Results: The analysis data set contained 238 patients (Nobs=6225) on placebo and 1152 patients (Nobs=32758) treated with etrolizumab 105 mg every 4 weeks. Based on the placebo data, we developed a BI model with IIV on the BASE parameter per subscore and IIV for SD shared across scores. We applied the placebo and active treatment effect similarly to all scores and had IIV included for the maximum effect. As such, subscore-specific parameters relied on baseline observations, while parameters describing post-baseline trends and variability were informed by all subscores equally. The model reliably predicted the analysis data with no misspecified trends in the goodness-of-fit plots nor in the VPC. Remission at the end of induction was correctly predicted 183 out of 242 times (76%) and non-remission was predicted correctly 986 out of 1071 times (92%). The external subscore data was predicted well for RB, PGA, and endoscopic score, but was underpredicted for SF. This was due to a lower mean SF baseline: 2.48 in the external data compared to 2.22 in the analysis data. Importantly, a VPC for remission indicated adequate performance for the external data regarding this key clinical measure: the 95% confidence interval of simulated remission encompassed the observed remission for each study.

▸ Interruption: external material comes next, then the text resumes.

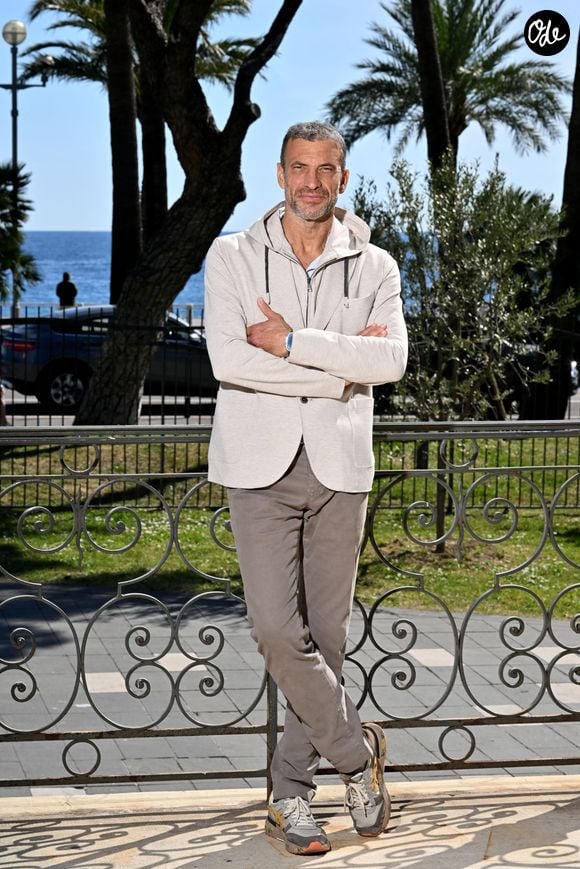 Deux conceptions du rôle éducatif de la "Star Academy" s'opposent : celle des valeurs à transmettre et celle d'un espace où chacun doit pouvoir trouver sa place (avec ou sans talons).

Exclusif - Christophe Pinna, l'ancien professeur de sport de la Star Academy et champion du monde de karaté, va monter sur les planches, à Nice, pour un Seul en Scène @Bruno Bebert / Bestimage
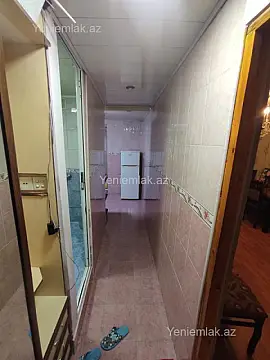 Satılır 2 otaqlı köhnə tikili 50 m²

Conclusions: The IRT model adequately described the subscores of MCS and reliably predicted the remission status for both the analysis data and the external data. These results suggest that the proposed model structure is a valid option for longitudinally describing the clinical disease status of patients with UC. Other drug effects can be inserted as deemed appropriate, allowing the model to propel model informed drug development across a range of UC programs.
References:
[1] Ueckert S. Modeling Composite Assessment Data Using Item Response Theory. CPT Pharmacometrics Syst Pharmacol. 2018;7(4):205-218.
[2] Sandborn WJ, Vermeire S, Tyrrell H, Hassanali A, Lacey S, Tole S, Tatro AR; Etrolizumab Global Steering Committee. Etrolizumab for the Treatment of Ulcerative Colitis and Crohn's Disease: An Overview of the Phase 3 Clinical Program. Adv Ther. 2020 Jul;37(7):3417-3431.
[3] Wellhagen GJ, Kjellsson MC, Karlsson MO. A Bounded Integer Model for Rating and Composite Scale Data. AAPS J. 2019 Jun 6;21(4):74.
[4] Yin PT, Desmond J, Day J (2019) Sharing historical trial data to accelerate clinical development. Clin Pharmacol Ther 106:1177–1178.
[5] Kawakatsu, S., Zhu, R., Zhang, W. et al. A longitudinal model for the Mayo Clinical Score and its sub-components in patients with ulcerative colitis. J Pharmacokinet Pharmacodyn 49, 179–190 (2022).